Today’s article is meant to be about sleep, sleeping better, and relationships. However, for us it is about today’s nuclear family, stress on couples, and pressures that really exist. In addition, it is a direct follow-up to our previous post.
I’m Awake, Why Aren’t You? is the title. The author is Elizabeth Bernstein, and it was published in The Wall Street Journal on Tuesday, September 9, 2014.
This article focuses on one couple as a typical example of couples today and the juggling they do because of their different sleep patterns. While the article cites the reason as differing body clocks, I suspect something totally different. While it suggests different circadian rhythms as the problem, I am almost certain that differing responsibilities is the culprit. Morgan and T.J. are the parents of a six-year-old, a four-year-old, and a third child on the way. Morgan is also a clothing designer, and T.J. is a physical education teacher.
They have solved their sleep difficulties by sleeping in different rooms. Morgan does not want to wake up her husband when she comes to bed late, and she does not want to be awakened by his early alarm when he gets up early. On Saturdays they both get up early. T.J. gets up extra early to do something he wants like taking a hike and then running errands, and Morgan gets up a little later, but still early, with the kids. On Sundays Morgan gets her one day in the week to sleep in, and T.J. wakes up as early as he wants and then takes care of the kids when they arise.
Even without digging further into specifics, it is easy to see the problem. Morgan’s day is determined by whatever length of time it takes to do her job and “take care of the kids.” T.J.’s day is determined by how long it takes him to complete his job, sports time, responsibilities he has with his kids, and whatever else he needs to complete. While Morgan’s day probably varies from long to very, very long, T.J.’s day is probably shorter and fairly standard in length.

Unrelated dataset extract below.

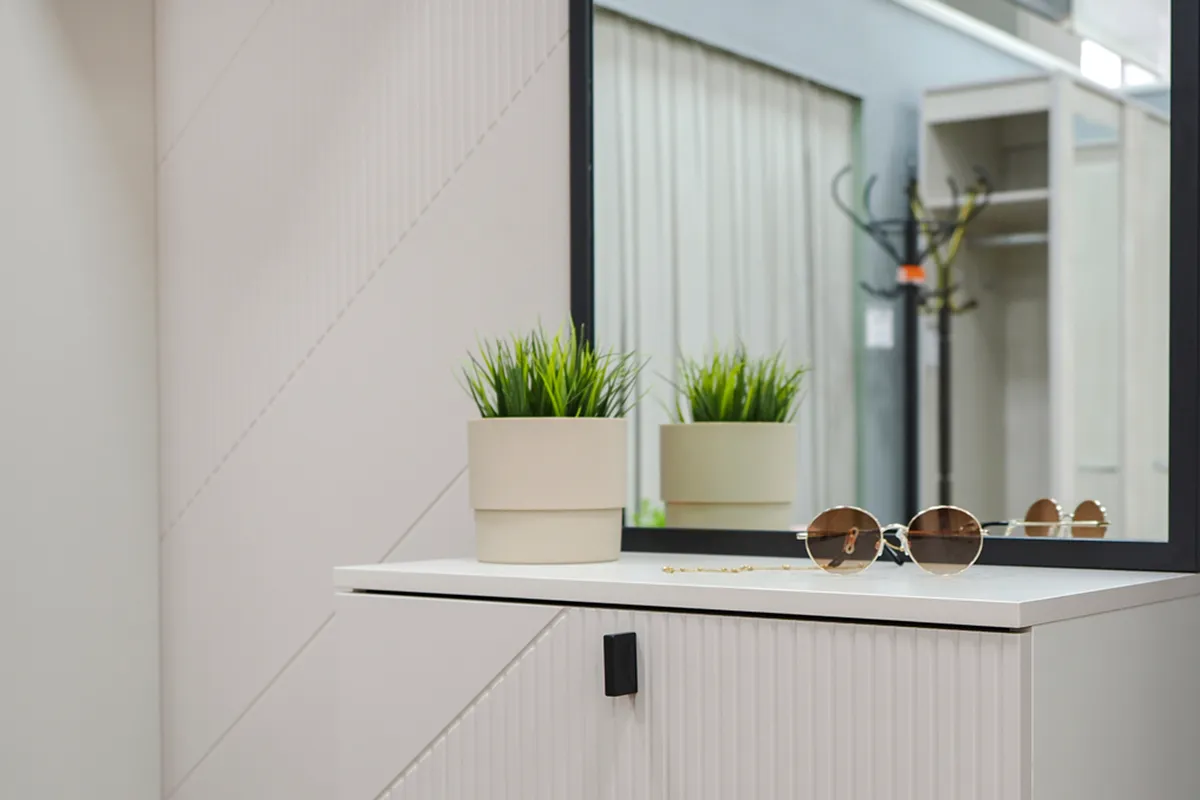 Прихожая Кашемир №2 (Кашемир/Сантьяго/Neo 02) - заказать на Ozerco.com Прихожая Кашемир №2 (Кашемир/Сантьяго/Neo 02) — Мебель-центр Озерцо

This particular problem is not about the couple’s division of labor with the kids. It seems they are happy with that. It is, however, about real life for moms and dads today and the huge overload that typically falls on the mom. I present it to you as one more evidence of how truly stressful life is these days for the average family. Where oh where is grandma and grandpa, Aunt Betty and Uncle Bob? How about Cousin Albert and Aunt Jane? I guess we know. They are not near their children, nieces and nephews, and cousins.

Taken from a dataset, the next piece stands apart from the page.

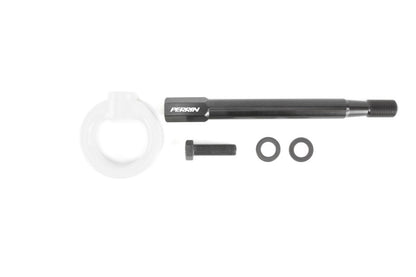 Perrin 08-14 Subaru WRX/STI Tow Hook Kit (Front) - White PSP-BDY-231WT *Discontinued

The article provides a solution for this couple, sleeping in separate rooms (and not necessarily a good one at that!). I do not provide a solution, but I am happy to point out the problem.
What to do?
While that $64,000 question has no real answer, most important for us is that we have identified the problem. It is our awareness of rampant overloaded schedules for moms along with the absence of adequate support that wreak havoc on today’s family. Hopefully, this awareness will be the exact right one you need to lead you to a solution of a family problem on your end that just might work for you.